Prank programs blogspot comics series#
With that in mind, this week our Mercury to Mars series moves from the macabre (see Debra Rae Cohen’s piece on Welles and Dracula) to the ridiculous, focusing on the relationship between Welles’s puffed-up fame and how it was lampooned by Fred Allen, one of the great absurdist comics in modern entertainment, and perhaps the most creative radio comedian of his era. Both tendencies do cultural work, often in concert with one another. Actually, we misunderstand the WOTW escapade if we don’t recognize that immediately adjacent to modern America’s propensity for panic stood its equally fascinating capacity to laugh at itself.
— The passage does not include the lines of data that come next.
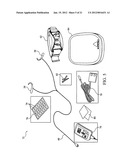 VESTIBULAR STIMULATION SYSTEM diagram and image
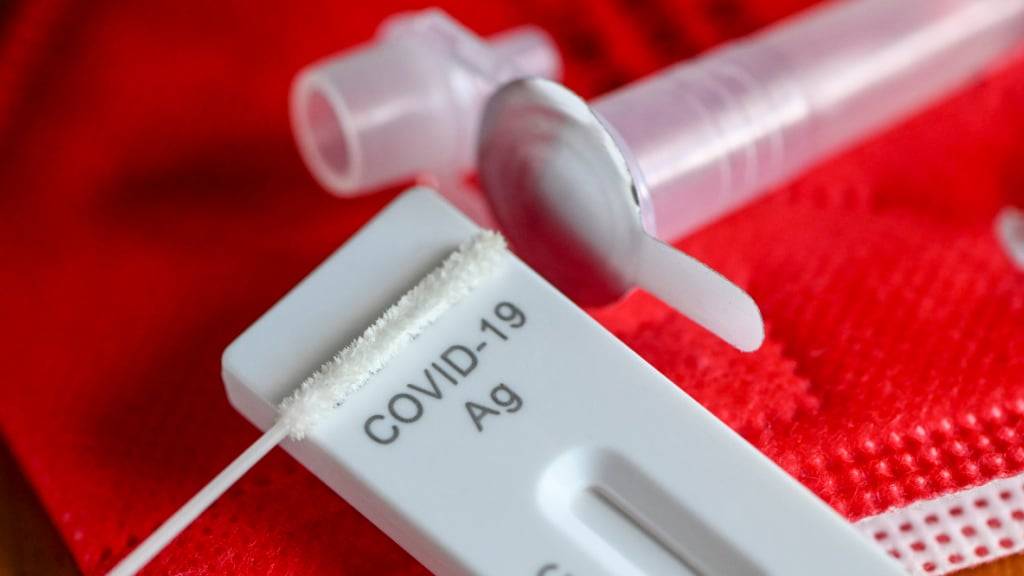 Der neue Pandemieplan nimmt die Erfahrungen von Covid-19 auf: Testset für das Coronavirus. (Archivbild)
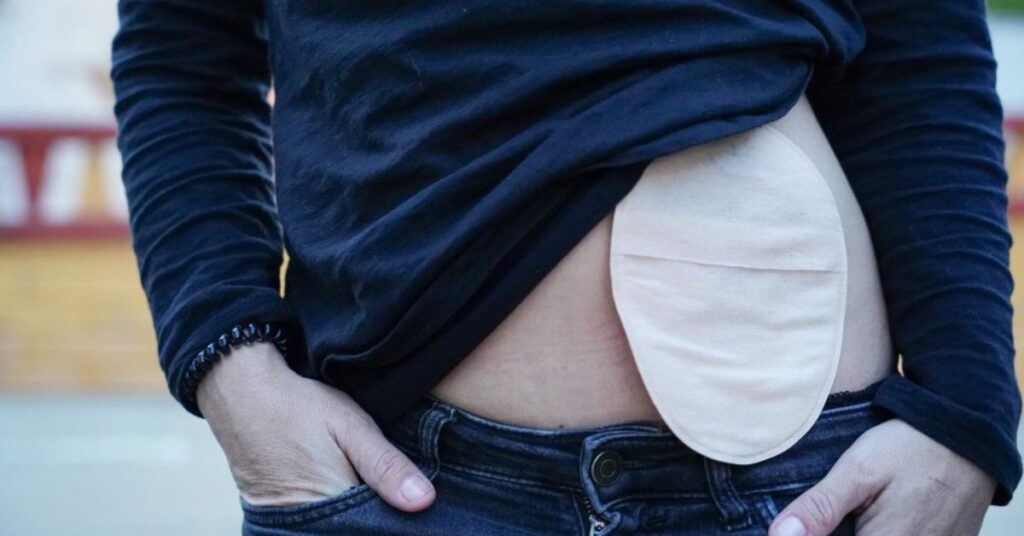 living with hernia without surgery explained by hernia surgeon in indore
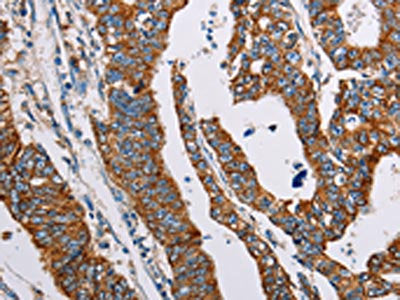 The image on the left is immunohistochemistry of paraffin-embedded Human gastic cancer tissue using CSB-PA314311(ALG2 Antibody) at dilution 1/35, on the right is treated with fusion protein. (Original magnification: ×200)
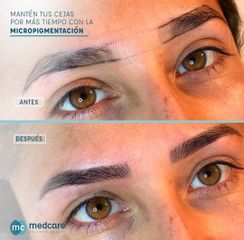 Microblading - Medcare Health & Beauty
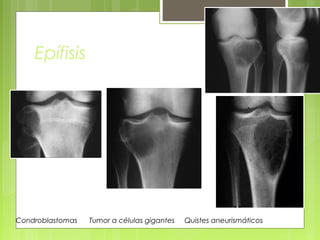 Condroblastomas Tumor a células gigantes Quistes aneurismáticos
Epífisis
 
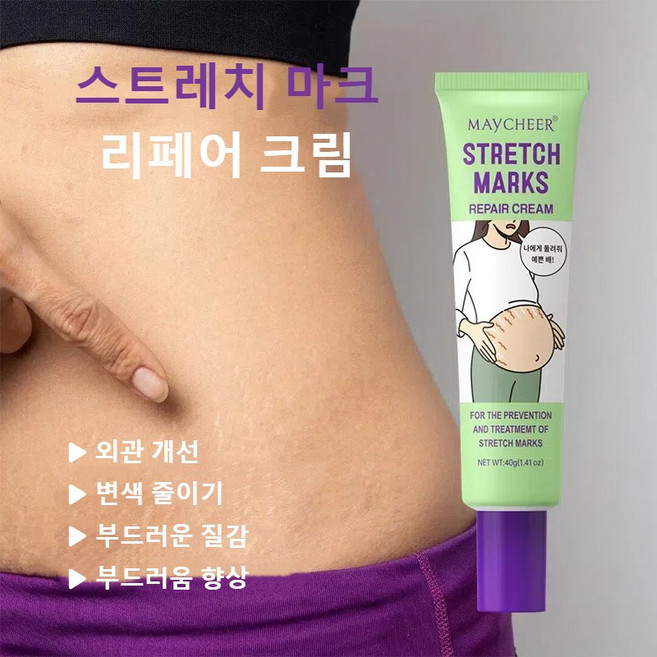 CAICHEN 튼살제거 임산부 전용 출산 후 뱃살 탱탱 튼살 완화 크림 흉터 비만 주름 탄력 케어 크림 바디케어, 5개, 40g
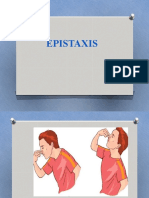 Epistaxis.pptx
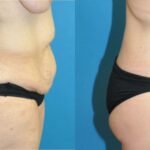 Lower Body Lift #3 - Before and After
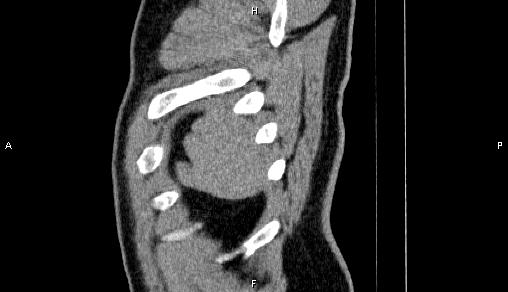 Adrenal myelolipoma (Radiopaedia 84321-99619 Sagittal non-contrast 104).jpg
Prank programs blogspot comics free#
Later in life, Welles focused on that dimension of his memory, repeatedly recalling with laughter that when the actor John Barrymore (something of a “grand old man” of the American stage in 1938), heard the Martian invasion broadcast he tearfully decided to free his beloved dogs, so they could taste freedom before meeting the inexorable doom. Although Welles was - like some of his listeners - spooked the night of the event, in the days that followed he and many others came to recognize some humor in the the whole thing, too. But it’s important to realize that, besides being terribly humorless, this approach also isn’t historically just. When scholars discuss the effect of that play on people, they often fall into reveries about its most serious dimensions - what the Martian Panic says about human susceptibility, about the power of the media, about sound and the unknown. Welcome back to From Mercury to Mars, our series of posts (in conjunction with Antenna) that reflect on Orson Welles’s radio career, and the upcoming anniversary of its highlight, “The War of the Worlds.”